Kanak Biscuitwala : 2013 Mobile and Social Workshop


Thursday, April 18, 2013
Location: Fisher Conference Center, Arrillaga Alumni Center

"Dispatch: Secure Mobile Publishing for Journalists"


The wide availability of personal communication devices in even developing countries, combined with the global publishing power of social networking platforms like Twitter, Facebook, and Tumblr, is changing the journalistic landscape, making it possible to document and report on events in even the most inaccessible locations. From the Arab Spring to Occupy Wall Street, mobile phones and social networks are becoming core reporting devices for both citizen and professional journalists. Yet using these technologies today presents important *risks*: the communication networks on which they rely are often proprietary, thus exposing users' information to the scrutiny of collaborating companies or governments. They are also inherently *fragile*: in conflict situations, devices may be destroyed or confiscated to prevent publication, or authorities may simply disconnect the links connecting an entire country to the internet. Those who do succeed in publishing may risk retribution either during or after reporting, if they are identified with their device or their publishing records are traced. Dispatch is a collaboration between computer scientists and journalists at Stanford and Columbia seeking to develop a mobile communication and publishing solution for journalists that reduces risks to reporters, increases tolerance to network fragility, and matches the usability of popular social networks.

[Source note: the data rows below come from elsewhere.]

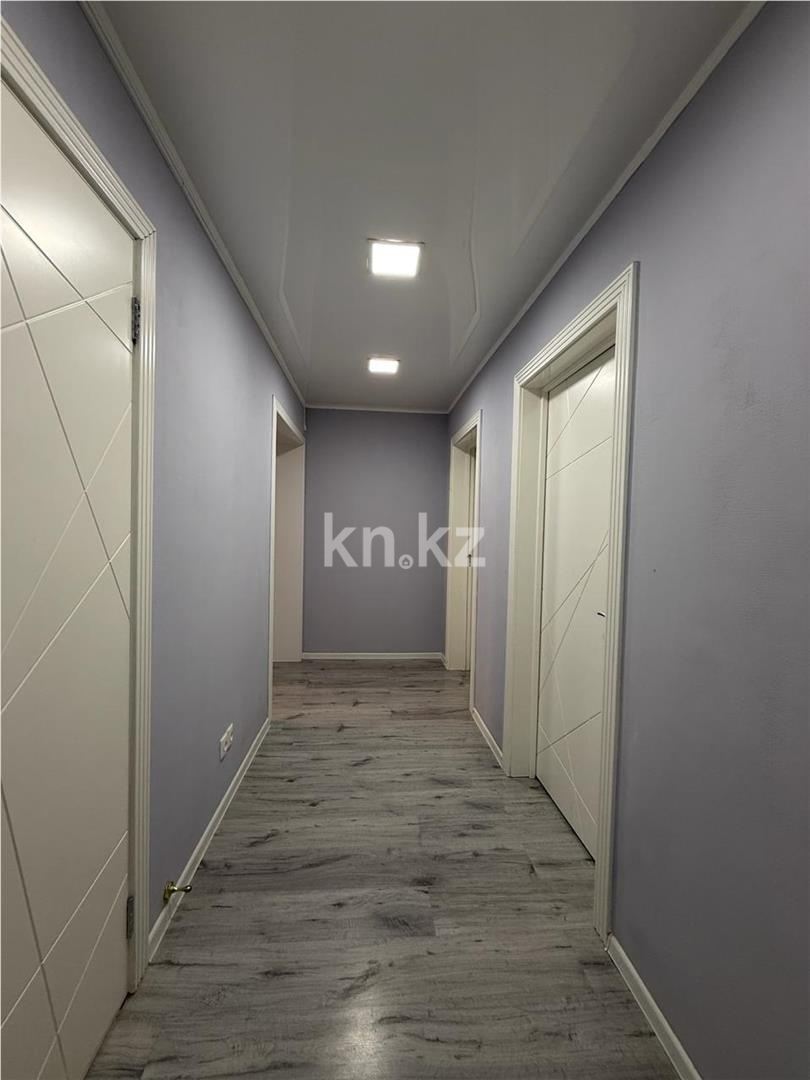 Продажа 3-комнатной квартиры, 89 м² в Темиртау - фото 14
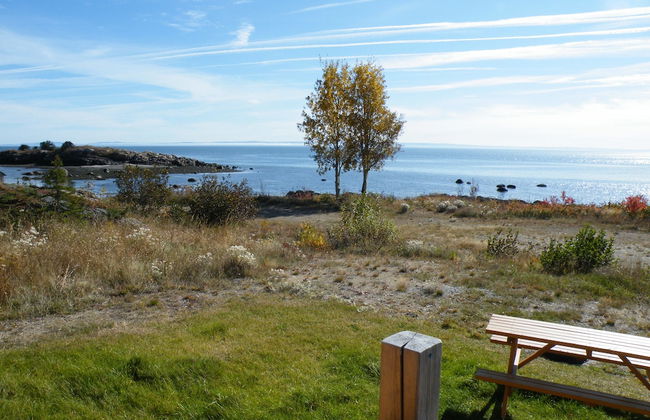 Chalets Shipek - Foto 18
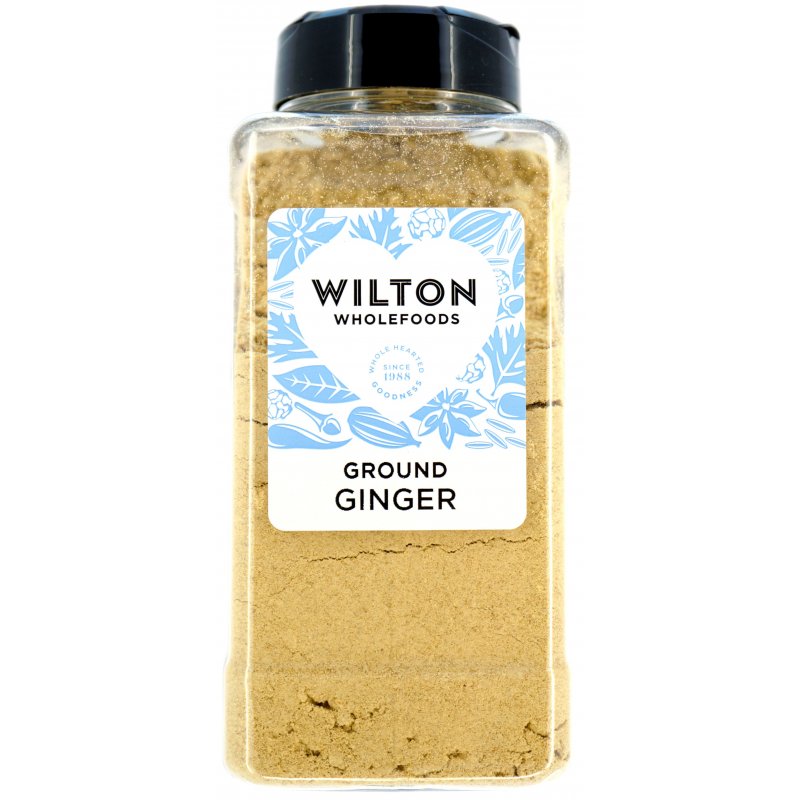 ground-ginger-400g-tub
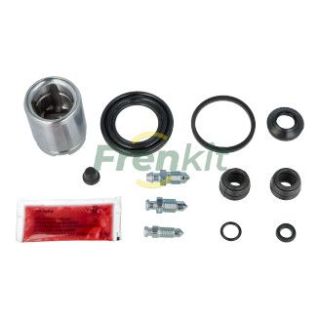 Remonto komplektas, stabdžių apkaba FRENKIT 238911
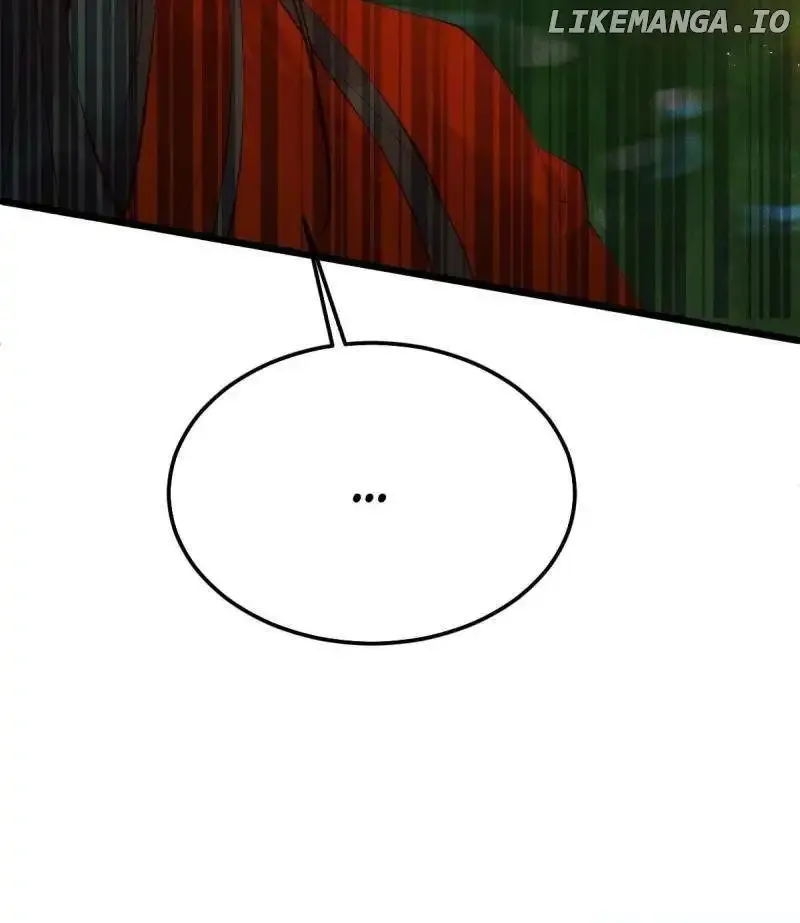 Read The Ghostly Doctor chapter 466 image 79 on Lezhin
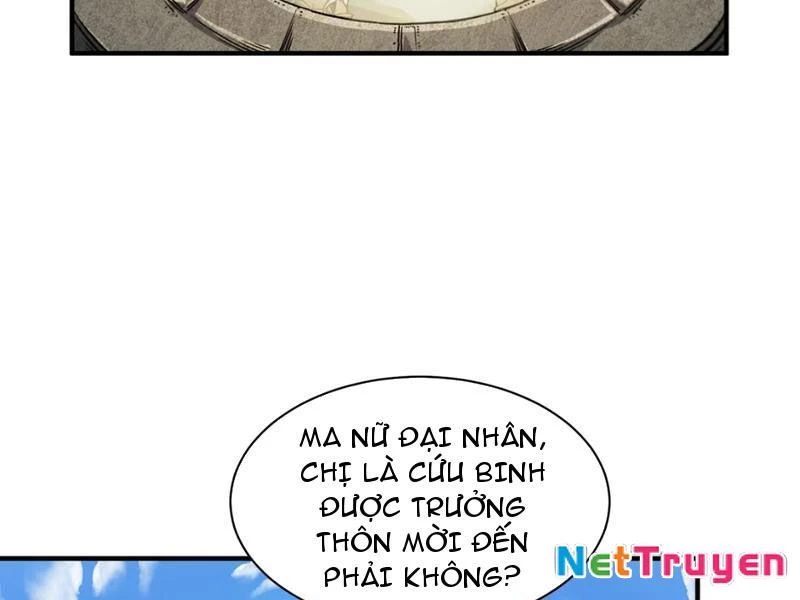 Toàn Bộ Fan Của Ta Đều Là Ma Nữ Chapter 3 - Trang 2
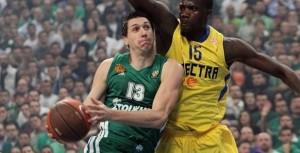 dimitris-diamantidis2-panathinaikos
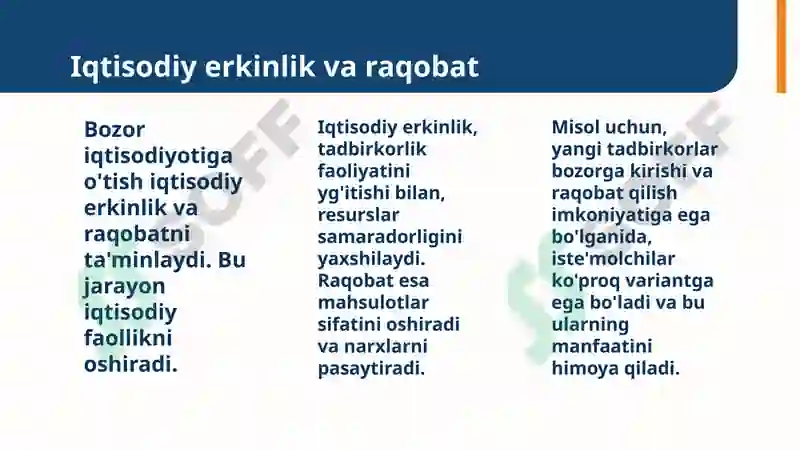 Product slide 7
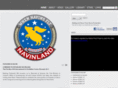 navinproduction.com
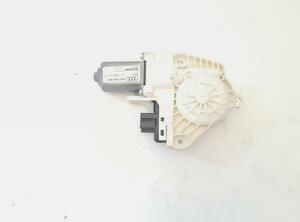 Motor Fensterheber Audi A4 8K, B8 8K0959801 P17038116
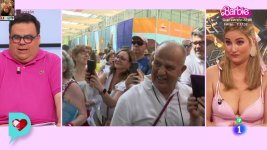 albacarrillocorazon-oso24-3.jpg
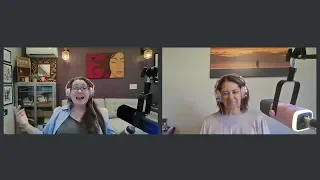 S1/ E3: The Light We Expect vs The Light We Get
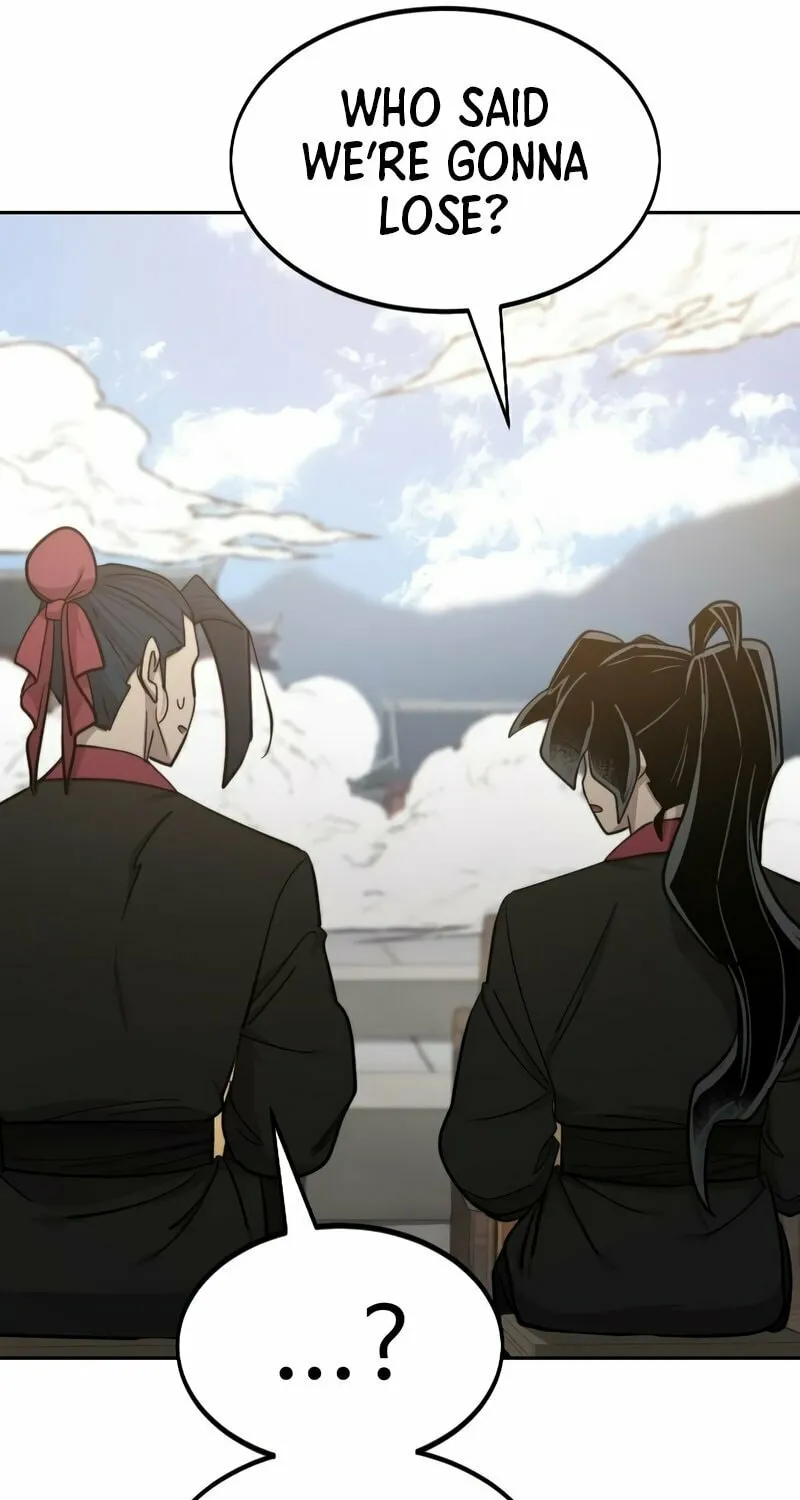 Return of the Blossoming Blade Chapter 60 page 42 -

Kanak Biscuitwala is a graduate student in Computer Science at Stanford. He is working under the direction of Monica Lam as part the Mobile and Social Computing Research Group, in which he has explored applications of mobile devices in new domains including finance, student experience, and journalism. He received his BS in Computer Science from UCLA in 2011. Along the way, he has interned at several different companies covering a wide range of the Computer Science spectrum.